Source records
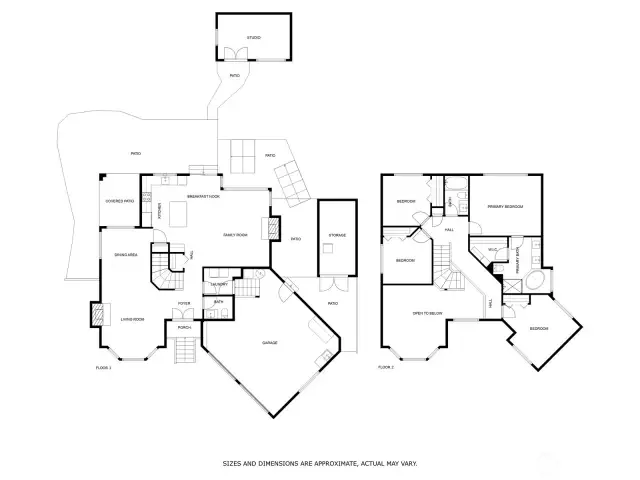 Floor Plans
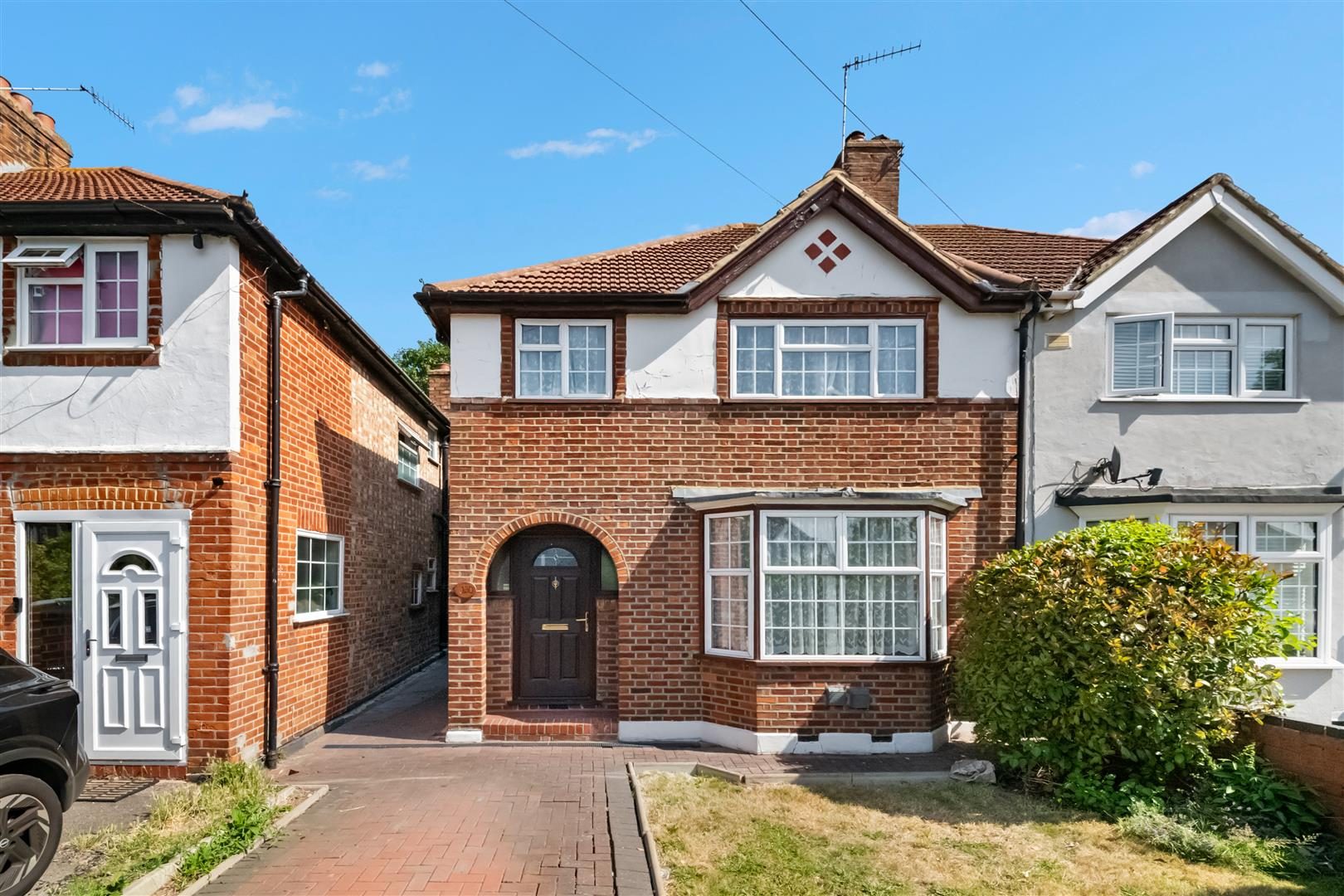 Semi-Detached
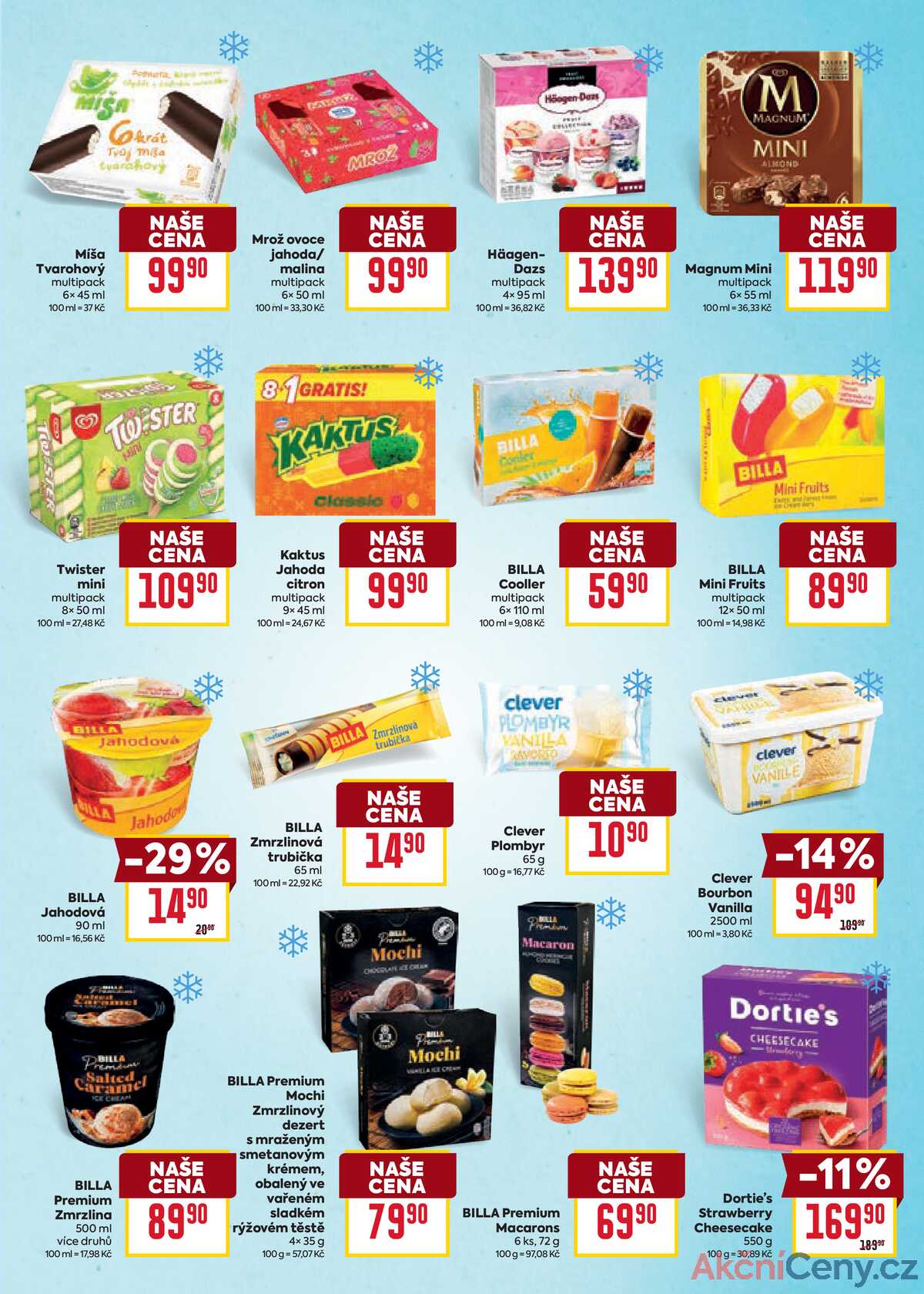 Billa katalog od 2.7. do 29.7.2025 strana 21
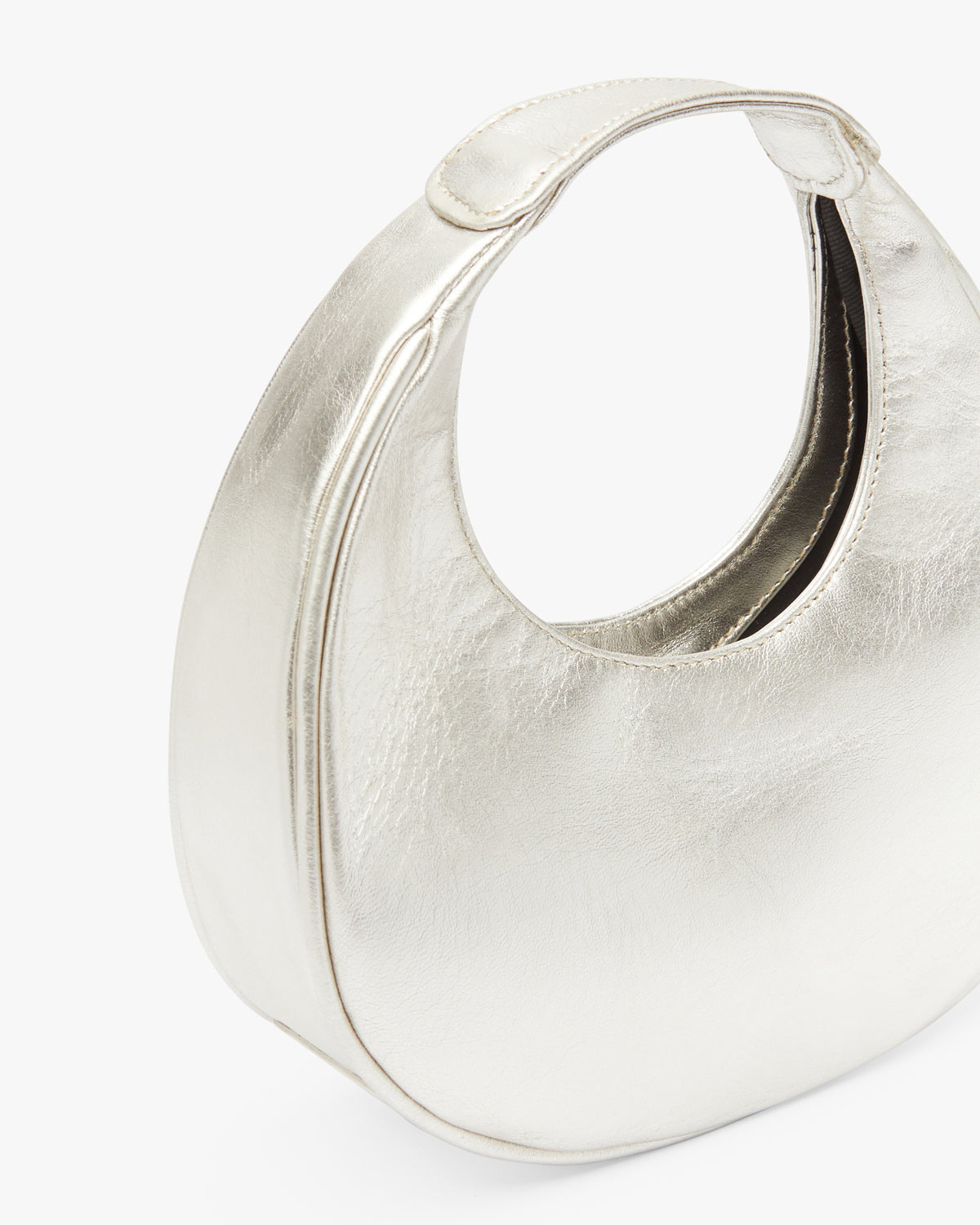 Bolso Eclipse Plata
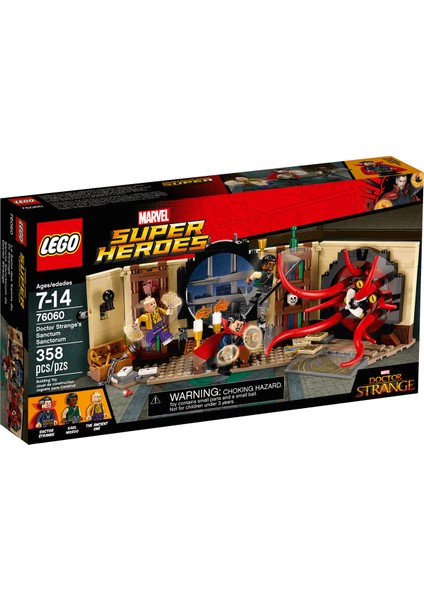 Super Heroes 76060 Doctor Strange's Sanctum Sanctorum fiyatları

WHAT TO DO -
Leaving the pictures out, give again word for word each line from the one holding "Semi-Detached" through the end of the records.

THE COMPLETED TASK -
 Semi-Detached
 Billa katalog od 2.7. do 29.7.2025 strana 21
 Bolso Eclipse Plata
 Super Heroes 76060 Doctor Strange's Sanctum Sanctorum fiyatları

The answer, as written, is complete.